After reviewing the case file and meeting with Kirnon, Kirnon’s appointed PCRA counsel filed a no-merit letter pursuant to Commonwealth v. Finley, 379 Pa.Super. 390, 550 A.2d 213 (1988). 2 On October 5, 2006, the PCRA court dismissed Kirnon’s petition. Commonwealth v. Kirnon, May Term 2001, No. 0374, slip op. at 11, 2006 WL 5429262 (PhiLCt. C. PI. Oct. 5, 2006) (Glazer, J.). Kirnon appealed the dismissal on October 19, 2006, raising twenty-two grounds for relief. 3 In its July 24, 2007 *680 opinion, the Superior Court addressed fourteen of Kirnon’s claims. The court held that Kirnon failed to conform the majority of his appeal to Pennsylvania Rules of Appellate Procedure 2116 (Statement of Questions Involved) and 2119 (Argument). As a result, the court found eleven of Kirnon’s claims to be procedurally defective and declined to reach the merits accordingly. The court did reach the merits of three claims relating to the ineffectiveness of Kirnon’s PCRA counsel. Upon review, the court found “no arguable merit” in Kirnon’s allegations and upheld the dismissal of Kirnon’s PCRA petition. Commonwealth v.
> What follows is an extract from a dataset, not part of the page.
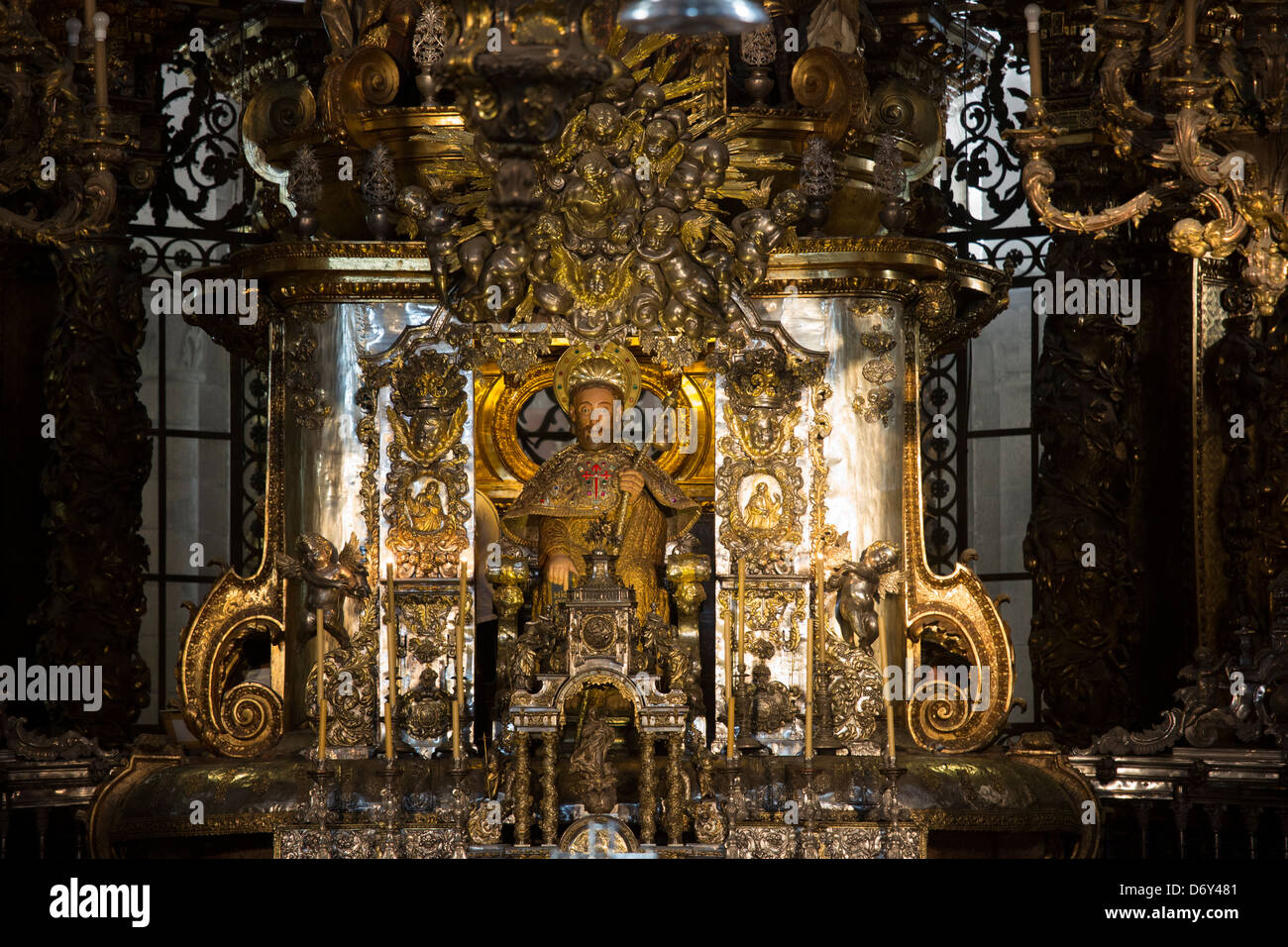 Hochaltar in der römisch-katholischen Kathedrale Catedral de Santiago De Compostela, Galicien, Spanien Stockfoto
Kirnon, No. 3235 EDA 2006, slip op. at 12, 935 A.2d 15 (Pa.Super.Ct. Jul. 24, 2007). Kirnon’s petition for reargument was denied on September 28, 2007, and he did not seek discretionary review with the Pennsylvania Supreme Court.

On October 25, 2007, Kirnon filed this petition for habeas corpus raising nine grounds for relief:

I.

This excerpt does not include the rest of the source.